Cloud providers offer at-rest and in-transit encryption on virtually all their storage and database services. Most are disabled by default or require explicit configuration. It’s easy to end up with production infrastructure where RDS has unencrypted backups, EBS volumes lack encryption, or traffic between internal services uses no TLS — not because anyone made a conscious decision not to encrypt, but because nobody enabled the option.

resource "aws_db_instance" "production" {
  identifier        = "prod-db"
  instance_class    = "db.t3.medium"
  storage_encrypted = false  # explicitly disabled — or simply absent
}

KICS detects storage and database resources without encryption configured, connections without mandatory TLS/SSL, and self-signed certificates in production contexts.

Why IaC misconfigs are harder to review than application code

Security review in application code is difficult but has methodology: an experienced reviewer looks for known patterns in business logic they control. Security review in IaC has a different problem: a 600-line Terraform file defining 40 AWS resources contains hundreds of attributes, each with security implications that depend on the values of other attributes in the same file or related files.

A human reviewer who doesn’t have a complete map of which services are in production, what data they handle, and which combination of attributes creates exposure in each specific AWS service cannot do that review reliably. It’s not lack of skill — it’s that the space of possible configurations is too large for exhaustive manual review.

KICS solves this with static analysis: it traverses all attributes of all resources, evaluates value combinations against over 2,000 detection queries, and produces a list of findings in seconds. It doesn’t replace architecture review — but it eliminates the entire class of errors detectable with deterministic rules.

Separating infrastructure repositories doesn’t solve the problem

A common pattern in mature teams is separating infrastructure code from application code — an infra/ repository managed by the platform team, separate from application repositories. It makes organizational sense. But it creates a security coverage gap: if application repositories are integrated with Gerion’s scanning pipeline but the infrastructure repository isn’t, coverage is incomplete.
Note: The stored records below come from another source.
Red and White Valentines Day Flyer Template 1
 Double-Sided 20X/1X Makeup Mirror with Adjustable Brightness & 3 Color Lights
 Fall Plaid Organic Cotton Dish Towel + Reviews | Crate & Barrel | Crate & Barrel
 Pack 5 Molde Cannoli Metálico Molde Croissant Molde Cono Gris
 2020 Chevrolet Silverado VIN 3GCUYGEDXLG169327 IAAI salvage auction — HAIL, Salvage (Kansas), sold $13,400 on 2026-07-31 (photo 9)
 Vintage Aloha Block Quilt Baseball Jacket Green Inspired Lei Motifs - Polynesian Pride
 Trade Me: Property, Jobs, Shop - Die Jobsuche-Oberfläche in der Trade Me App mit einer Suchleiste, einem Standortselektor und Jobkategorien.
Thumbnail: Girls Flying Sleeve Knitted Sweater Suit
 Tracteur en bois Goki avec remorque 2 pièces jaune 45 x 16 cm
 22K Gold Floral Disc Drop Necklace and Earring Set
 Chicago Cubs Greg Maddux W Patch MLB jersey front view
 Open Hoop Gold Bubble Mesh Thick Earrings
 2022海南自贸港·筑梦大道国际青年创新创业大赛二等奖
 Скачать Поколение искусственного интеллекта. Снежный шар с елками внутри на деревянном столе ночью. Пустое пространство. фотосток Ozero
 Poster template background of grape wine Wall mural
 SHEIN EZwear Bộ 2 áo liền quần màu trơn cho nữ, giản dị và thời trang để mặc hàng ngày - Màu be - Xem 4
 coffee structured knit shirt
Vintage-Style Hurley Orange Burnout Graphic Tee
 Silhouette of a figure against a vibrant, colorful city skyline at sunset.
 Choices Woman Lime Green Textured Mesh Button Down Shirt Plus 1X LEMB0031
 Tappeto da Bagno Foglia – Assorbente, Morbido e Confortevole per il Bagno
The Gerion CLI runs like any other CI/CD step — on the same runner as the rest of the pipeline, with access only to the current repository’s code. Adding it to the infrastructure repository pipeline is the same process as adding it to any other:

- name: Gerion Security Scan
  run: |
    docker run --rm -v "$PWD:/code" \
      -e GERION_API_URL=${{ secrets.GERION_API_URL }} \
      -e GERION_API_KEY=${{ secrets.GERION_API_KEY }} \
      ghcr.io/gerion-appsec/gerion-cli:latest scan-all /code

KICS findings from the infrastructure repository land on the same platform as SAST, SCA, and Secrets findings from application repositories — normalized, with the same branch-based prioritization model and the same financial impact calculation. A Security Group misconfiguration on the main branch of the infrastructure repository carries a 10× multiplier. The same misconfiguration on a feature branch, a 1× multiplier. The Financial Impact Engine doesn’t distinguish between repository types — it distinguishes between what’s in production and what isn’t.

The practical result is that the platform team sees their IaC findings in the same dashboard where the application team sees theirs. No separate tool for infrastructure, no different triage process, no manual tracking spreadsheet for Terraform misconfigurations. A single security backlog, prioritized by real cost, with findings from all repositories and all scanners in one place.